In Avdiivka, an industrial city that sits just five miles north-west of the regional capital of Donetsk that was captured by Russia in 2014, Moscow’s forces are employing so-called human waves tactics. Russian planes are also dropping bombs, while ground forces are firing rockets and tank shells to try to overwhelm Ukrainian troops and encircle them.

The city, home now to just 1,300 of the prewar 30,000 residents, according to local authorities, is largely destroyed, with entire blocks flattened in the way that the nearby city of Bakhmut was over months of brutal warfare earlier this year.

US and Ukrainian officials estimated Russia had deployed at least three battalions with thousands of soldiers in the fight for Avdiivka, which began on October 9.

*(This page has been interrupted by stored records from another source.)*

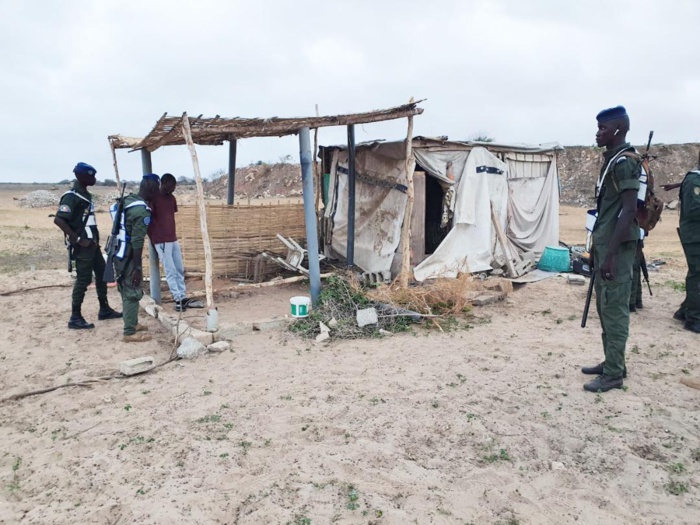 Sécurisation à Ouest Foire et aux abords de l’aéroport : la Gendarmerie arrête 269 personnes de diverses nationalités dont 69 femmes Sécurisation à Ouest Foire et aux abords de l’aéroport : la Gendarmerie arrête 269 personnes de diverses nationalités dont 69 femmes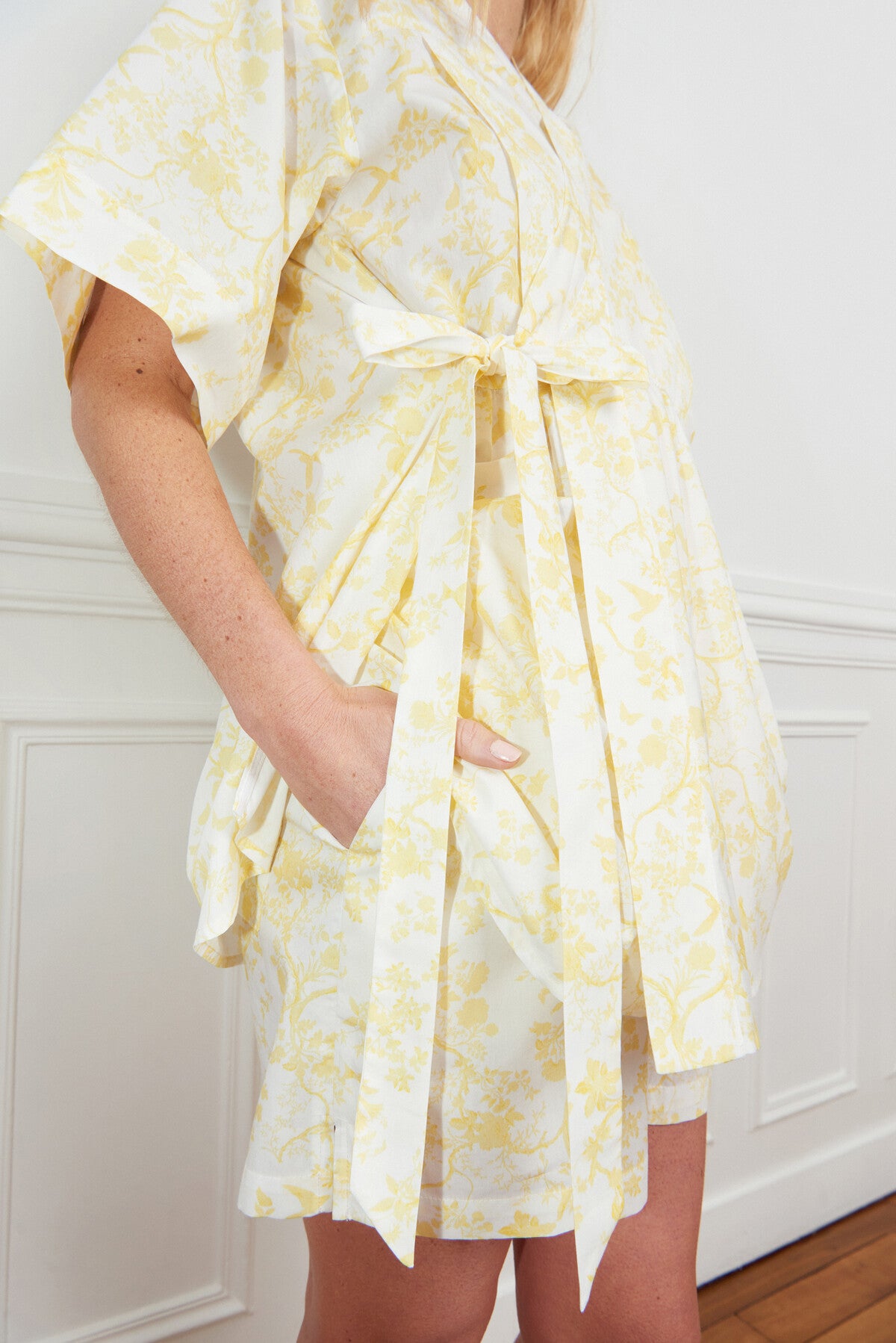 CHEMISE_KIMONO_JAUNE_BLANC_vue_2.jpg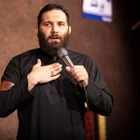 Ey sancağın sahibi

But Russia has also continued attacks elsewhere along the frontline and increased missile and drone bombardments targeting Ukraine’s critical infrastructure and residential areas, as temperatures plunge and snowfall covers much of the country.

On November 25, Russia launched its biggest drone attack on Ukraine since the start of Putin’s full-scale invasion almost two years ago. Ukraine’s air defences shot down 74 of 75 Iranian-made Shahed drones, including 66 aimed at Kyiv.

But the barrage was a worrying sign Russia would target the Ukrainian capital by air as it did last year, when neighbourhoods faced hours and days of blackouts.

“That is why a winter war is difficult,” said Zelenskyy in his interview.

He gave no indication that the apparent shift from offensive operations to a more defensive posture meant Ukraine was giving up its fight against its formidable foe.

Zelenskyy underscored Ukraine’s successes, including attacks on Russia’s Black Sea Fleet in Crimea, which has had its headquarters pummeled by missiles and several ships knocked out of commission by sea drones.

He also highlighted a grain corridor that Ukraine had managed to establish even after Moscow withdrew from a UN-backed agreement that ensured the safe passage of commercial cargo ships.

Ukrainian forces also managed last month to cross the Dnipro river and gain a small but tenuous foothold in the village of Krynky. They have since come under daily bombardment from Russia’s army, which has brought in reinforcements to halt the advance.

“Look, we are not backing down, I am satisfied. We are fighting with the second [best] army in the world [the Russian army], I am satisfied,” he told the AP of the counteroffensive. But he added: “We are losing people, I’m not satisfied. We didn’t get all the weapons we wanted, I can’t be satisfied, but I also can’t complain too much.”